Unglaubwürdiger geht es kaum. Ebenso unplausibel ist, dass der von Dimitri Leonidas verkörperte einzige jüdische Monuments Man Sam Epstein Nazideutschland 1938 verlassen haben soll und sechs Jahre später nur noch ein grauenhaftes Deutsch spricht. Diese Figur hat im Übrigen lediglich eine Alibifunktion zwecks politischer Korrektheit. Zwar wird erwähnt, dass die Deutschen vor allem von jüdischen Sammlern gestohlen hatten, aber das nur im Vorübergehen.

genre Gerade von einem sonst so genauen und inspirierten Regisseur, wie George Clooney einer ist, hätte man mehr erwarten dürfen. Er hat in den bisher vier Produktionen, bei denen er Regie führte, bewiesen, dass er ein hervorragender Filmemacher sein kann. Diesmal aber hat man das Gefühl, als sei Clooney lange Zeit nicht klar gewesen, was für einen Film er eigentlich drehen wollte. Vielleicht aus Angst, das Thema Kunstraub könnte zu unsexy für den Massengeschmack sein, versucht er sich zunächst an einer Buddykomödie im Krieg, hält dieses Genre jedoch nicht durch. Zu Beginn gibt es noch nette Szenen, einige Lacher und lockere Unterhaltung, bevor Co-Drehbuchautor und Regisseur Clooney dann auf patriotisches Pathos und moralische Belehrungen im Stil des Kalten Kriegs umschaltet.

Monuments Men ist auch filmhistorisch ein Rückschritt. Die meisten Nazischurken dort sind schmallippig, eindimensional und abgrundtief böse oder aber verschlagen, hinterhältig und feige. Quentin Tarantino hatte mit Inglourious Basterds einen sehr viel spannenderen Weg eingeschlagen und eine ganze Garde guter deutscher Schauspieler in der Besetzung, die sehr viel komplexere und gebrochenere Figuren verkörperten. Bei Clooney gibt es nur Justus von Dohnányi, der ab und zu auch mal Deutsch reden darf.

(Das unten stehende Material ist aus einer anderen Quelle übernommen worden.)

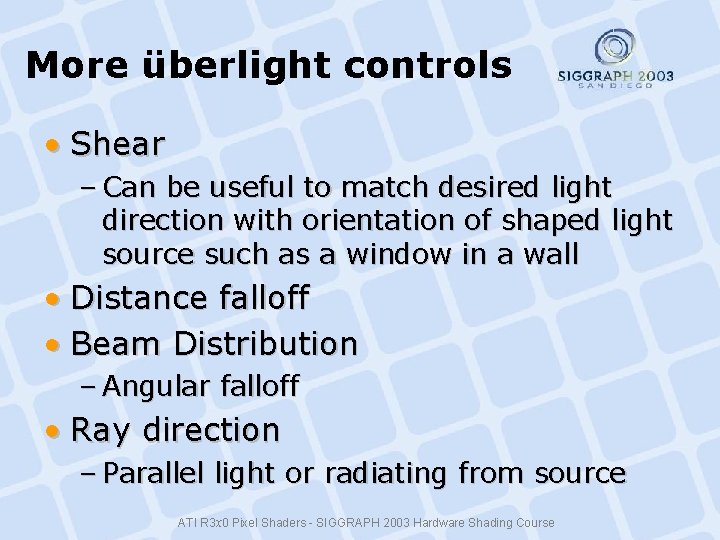 More überlight controls • Shear – Can be useful to match desired light direction More überlight controls • Shear – Can be useful to match desired light direction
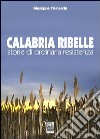 Calabria ribelle. Storie di ordinaria resistenza libro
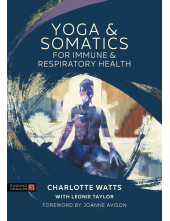 Yoga and Somatics for Immune and Respiratory Health - Humanitas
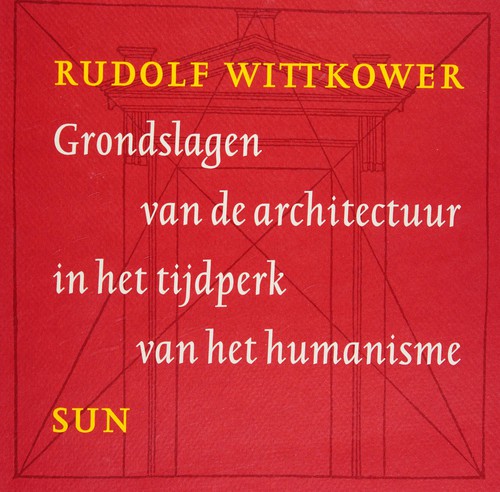 Cover for Grondslagen van de architectuur in het tijdperk van het humanisme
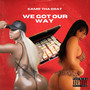 We got our way (Explicit)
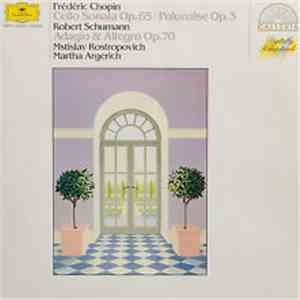 Argerich · Rostropovich — Chopin / Schumann - Sonate Op. 65 · Polonaise Op. 3 / Adagio & Allegro Op. 70 download flac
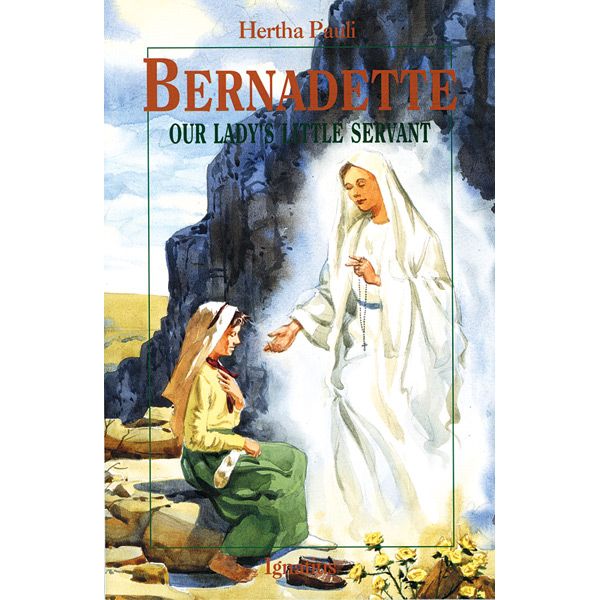 St Bernadette Our Lady's Little Servant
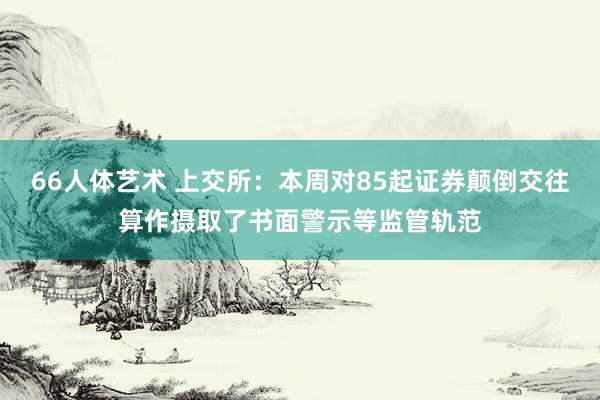 66人体艺术 上交所：本周对85起证券颠倒交往算作摄取了书面警示等监管轨范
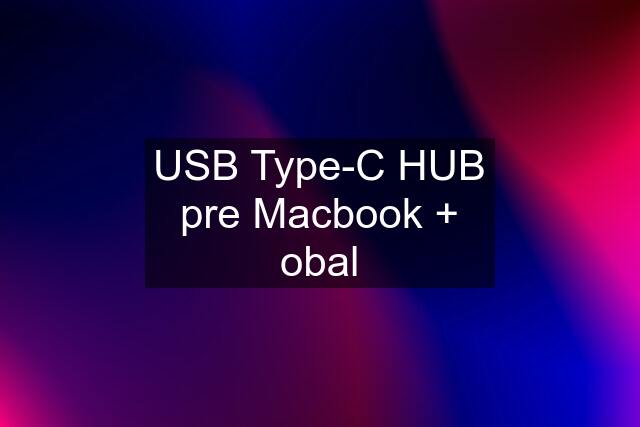 USB Type-C HUB pre Macbook + obal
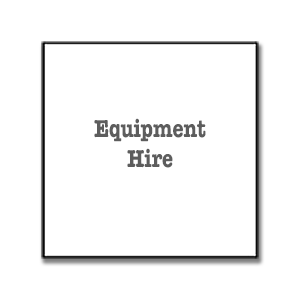 Equipment Hire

kassenflop Um Authentizität und Glaubwürdigkeit hat sich Clooney, der auch Produzent des Films ist, offenbar kaum gekümmert. Als französisches Mitglied der Monuments Men mimt Jean Dujardin einen Abziehbild-Franzosen, und ausgerechnet die kühle Australierin Cate Blanchett soll als Französin mit Männerproblemen plausibel sein. Als Zugabe gibt es noch tumbe Russen, die den gesamten Naziklau schnell in die Sowjetunion bringen möchten, während unsere amerikanischen Helden Kunst natürlich ausschließlich zum Wohl der gesamten Menschheit retten.

George Clooney hatte bei Monuments Men, scheint es, nur die amerikanischen Zuschauer im Sinn, denen er einen leicht genießbaren Filmhappen servieren wollte. Eine Rechnung, die allerdings, so wie es aussieht, betriebswirtschaftlich wahrscheinlich nicht aufgehen wird. Der Film startete einen Tag vor der Berlinale-Premiere mit über 3000 Kopien in den USA, spielte dort aber bislang nur 22 Millionen Dollar ein, was die Produktionskosten bei Weitem nicht deckt. Jetzt setzt man auf den europäischen Markt. Die Verheißung, bei dem guten Cast könne ja nichts schiefgehen, wird zunächst für viel Interesse und gut gefüllte Kinosäle sorgen. Der Kater nach Filmende ist dennoch vorprogrammiert. Schade, George!